First the accusation against TCC was, “They’re not from here, and they haven’t done anything!” Then it was, “They’re not from here, and they make mistakes when filing campaign finance forms!” The new one is, “They’re not from here, and they need practice conducting public meetings with a hostile audience!”
Well, golly. The meetings that the familiar voices reference are those of the current Budget Committee, on which local reformers have a controlling hand, and the heat radiated most strongly (thus far) when the group interviewed the School Committee. It’s almost as if the town aristocracy is trying to distract from school officials’ admission of difficulty facing down the obscenely aggressive National Education Association labor union.
An anonymous commenter on my web site, AnchorRising.com, mocked Budget Committee (and TCC) member Thomas Parker, a successful naval officer, and suggested that we should “take a good look at who we have running some of our meetings and think about providing effective leadership to the town in this time of crisis.” Yes, let’s.
At its most recent, notably quiet, meeting, the School Committee did not have members of the Town Council gabbing disruptively in the back of a small meeting room or former School Committee Vice Chairman Mike Burk bellowing attacks as he paced the room, both of which set the tone of the prior Budget Committee meeting. However cordial their gatherings, school committee members and representatives bemoan the strength of the teachers’ union and (unbelievably) their own sense that they have weak hands for negotiation. (How about having employment on offer during the worst downturn since the Great Depression?) And when the town administrator and council president recently asked for financial help to maintain services in the current budget, committee members were awfully quiet, considering that the request came mere weeks after they had given away hundreds of thousands of dollars to the intimidating unionists.

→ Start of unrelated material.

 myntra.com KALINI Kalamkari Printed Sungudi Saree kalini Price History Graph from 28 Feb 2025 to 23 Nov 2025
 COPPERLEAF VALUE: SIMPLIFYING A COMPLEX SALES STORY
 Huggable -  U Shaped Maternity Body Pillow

On the Town Council side, meeting attendees walk away with the sense that even contracts that are up for negotiation are “locked in.” Council President Don Bollin recently declared an inability to “trim a budget based on what [he] would like to see happen in negotiations,” and that “it’s easier to have the money put back should the results we want happen.” As the School Committee recently acknowledged, however, the unions typically demand more than is budgeted, rather than allow any earmarked dollars to flow back to the town. Indeed, a central rationalization of the school department for awarding not only raises but retroactive pay was that the “money was in the budget.”
So, if your overarching preference is for peaceful government meetings in which all of the meat is chewed during executive sessions and in which officials practice comity most enthusiastically while conspiring, along with the unions, to manipulate procedural rules to ram double-digit tax increases through financial town meetings, then side with the familiar faces. Me, I’ll take fresh leadership that conducts entertaining meetings but checks unions to lower taxes and maintain services at the same time.